You have to understand how schools get money, and how they spend money. As consumers, we have flexibility in how we can spend our money. Schools often do not have this flexibility. I'll provide an example of a scenario that I know intimately.

Schools buy educational content for classrooms and media labs. Increasingly, this content is electronic, but historically, schools are used to buying piles of dead trees covered in ink (physical books). Because of this historical precident, schools get their money in the form of large-dollar-amount, single-use budget allocations. Let me decode that. Someone in an administrative office notifies the person who will actually buy the materials and says something like, "You have $1.2 million dollars to spend by August. The checks must be issued by that date or the funds disappear."

So now the buyer is sitting on $1.2 million to spend by a specific date. Let's say I just built an ebook platform that allows students to log in to a website where I display non-fiction content, along with some reading comprehension questions. When I develop my pricing models, I have to make sure that they fit with the way the buyer spends their money. In the consumer space, we'd do something like:

All plans include access to over 900 titles!

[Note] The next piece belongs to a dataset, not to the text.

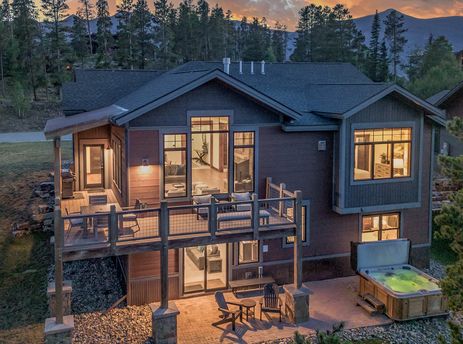 A multi-story chalet with a spacious deck and ground-level patio, featuring outdoor dining, a hot tub, and large windows, set against a backdrop of pine trees and mountains at sunset.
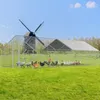 A large chicken coop with a windmill in the background. Produktbild-Vorschau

$9.95/mo for up to 10 students

$19.95/mo for up to 25 students

$49.95/mo for up to 100 students

$99.99/mo for up to 500 students

More than 500 students? Call for custom pricing.

The buyer ignores your product completely. Why? Because they can't spend $100/month. The check has to be written by August, then the money goes away. The buyer is also used to buying physical books, so they're averse to the idea that they should pay monthly for something, even if it is much, MUCH cheaper. Remember, they don't know what their budgets will be next year, so "a bird in the hand" rules over value.

Instead, what often happens is that the publisher charges a one-time fee of $100,000 for 2,500 students, then agrees to keep the content accessible for as long as the school wants. The publisher takes on the risk associated with hosting the content, and is well compensated.

The school doesn't want to pay an API middleman, they want to buy content. Clever is very well situated, and publishers (and schools) are going to be very happy they exist.